Tomy Carbonell

Personal information
- Full name: Tomás Carbonell del Río
- Date of birth: 23 February 2005 (age 21)
- Place of birth: Barcelona, Spain
- Height: 1.83 m (6 ft 0 in)
- Position: Midfielder

Team information
- Current team: Real Sociedad B
- Number: 14

Youth career
- Cabrera
- 2013–2014: Espanyol
- 2014–2018: Barcelona
- 2018–2020: Cornellà
- 2020–2024: Badalona

Senior career*
- Years: Team / Apps / (Gls)
- 2024: Badalona / 3 / (0)
- 2024: Real Sociedad C / 2 / (0)
- 2024–: Real Sociedad B / 69 / (1)

= Tomy Carbonell =

Spanish footballer (born 2005)

Tomás "Tomy" Carbonell del Río (born 23 February 2005) is a Spanish footballer who plays as a midfielder for Real Sociedad B.

==Career==
Born in Barcelona, Catalonia, Carbonell began his career with Cabrera and played for Espanyol, before joining Barcelona's La Masia in 2014, aged nine. After captaining the 2005 generation, he left the latter in 2018, and subsequently represented Cornellà and Badalona as a youth.

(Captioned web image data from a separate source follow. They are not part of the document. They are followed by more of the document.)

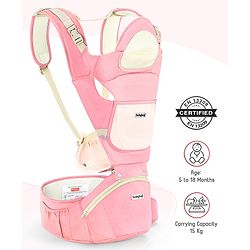 Babyhug Delight Cotton Hip Seat Cum Baby Carrier- Peach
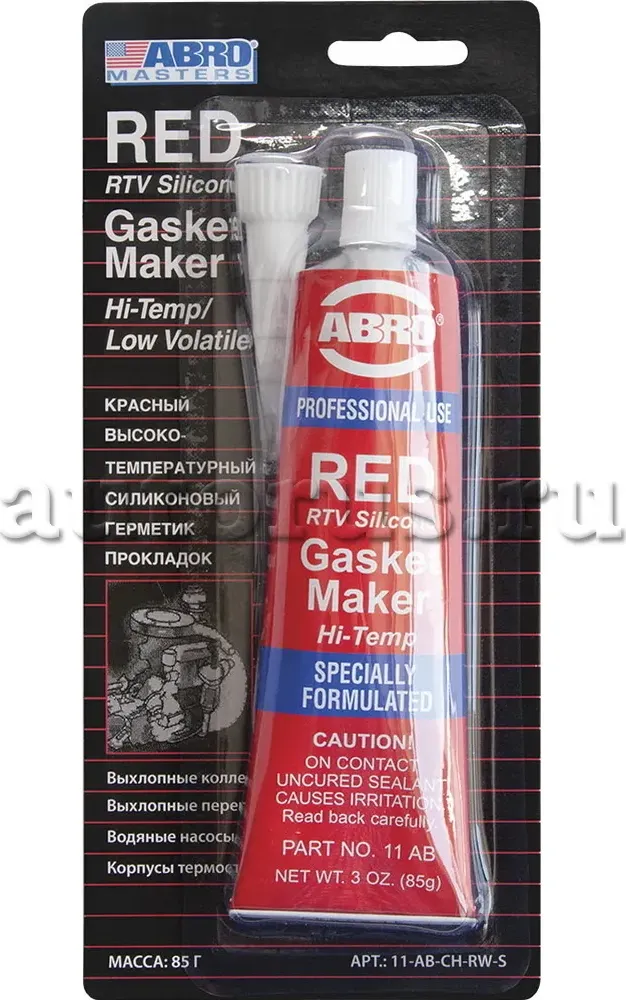 Герметик силиконовый (Abro). Артикул 11-AB-CH-RW-S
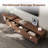 Walnut Extendable Modern TV Stand with Storage-709569999
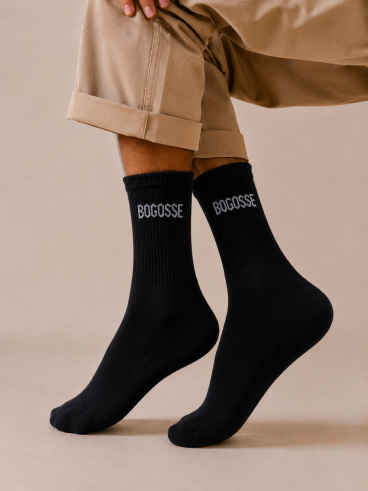 Chaussettes "Bogosse" - Noir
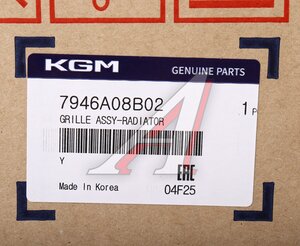 Изображение 3, 7946A08B02 Облицовка радиатора SSANGYONG Rexton (06-) (серебряная) OE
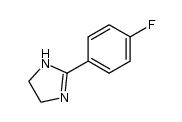 1H-IMIDAZOLE, 2-(4-FLUOROPHENYL)-4,5-DIHYDRO-结构式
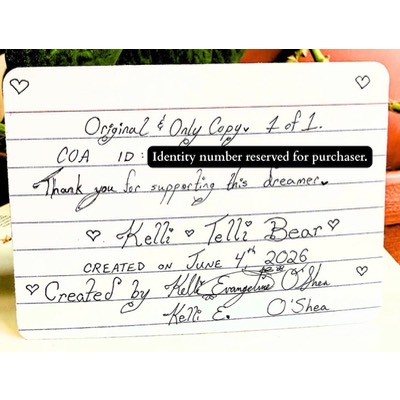 Affirmation ACEO “You are always enough.” Handmade Ink on Index Card, Signed COA aceo art card thumbnail 2
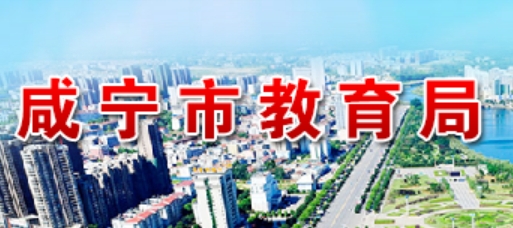 咸宁市教育局官网入口（http://jyj.xianning.gov.cn/）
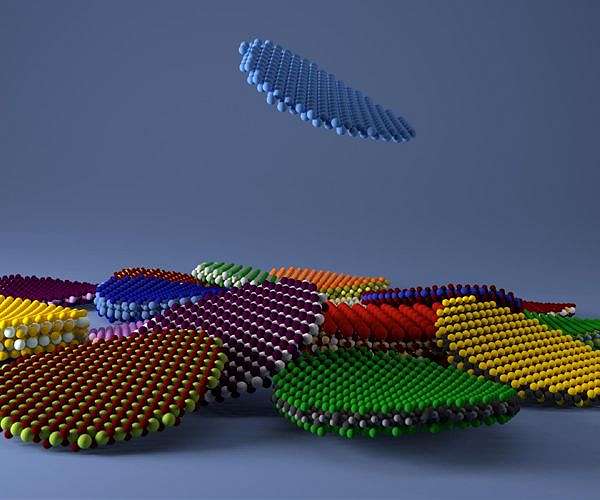 This 2-D nanosheet expands like a Grow Monster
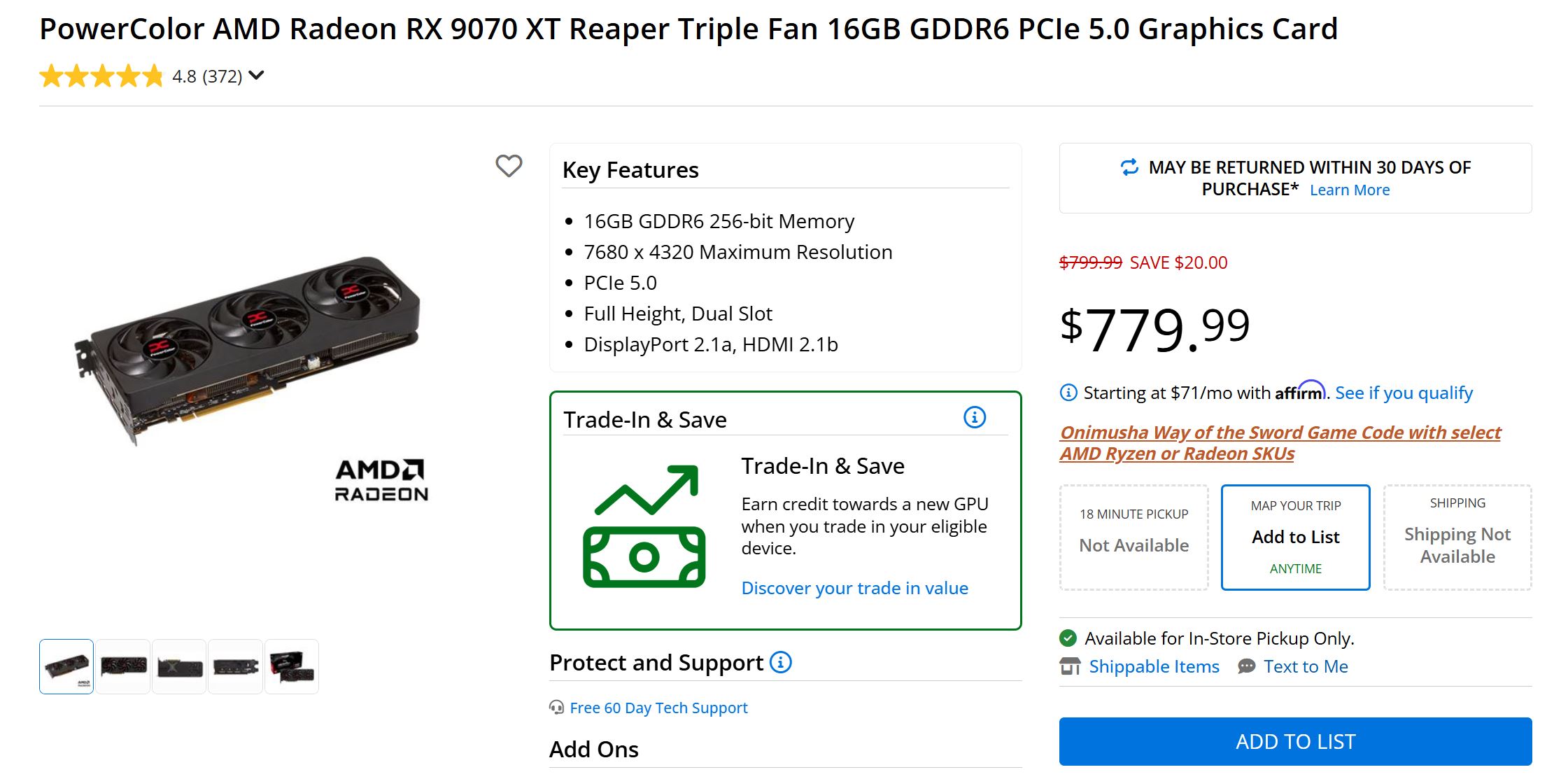 Out Rx Best Buy Drops AMD Radeon RX 9070 XT To $759 While Other Retailers Sell ...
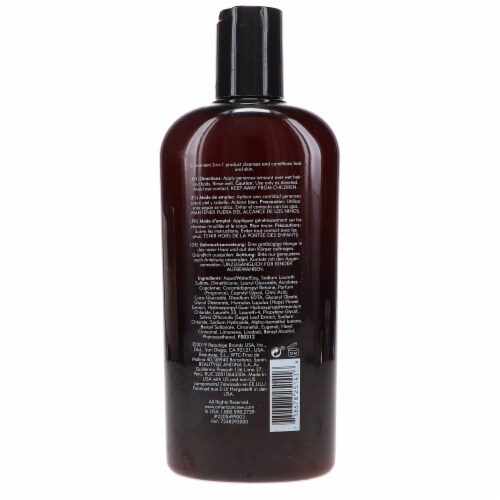 American Crew® Men 3-in-1 Shampoo Conditioner & Body Wash Perspective: back
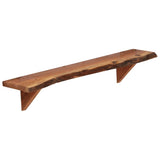 Wall Shelves 2 pcs 90x20x18 cm Solid Acacia Wood - Top-Down View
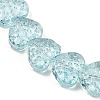 Transparent Glass Beads Strands GLAA-H038-01G-3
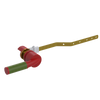 Rubinet Trip Levers Maroon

After impressing in the Juvenil squad of Badalona, Carbonell made his first team debut on 14 January 2024, coming on as a half-time substitute for Willy Chatiliez in a 2–1 Tercera Federación home win over Grama. After a further two appearances, he joined Real Sociedad on 3 July, being initially assigned to the C-team in the Segunda Federación.

Albeit a member of the C's, Carbonell would establish himself as a starter with the reserves in the Primera Federación, contributing with 38 appearances overall during the season as the side achieved promotion to the Segunda División.

==Personal life==
Carbonell's father, also named Tomás, was a professional tennis player and later became a sports commentator.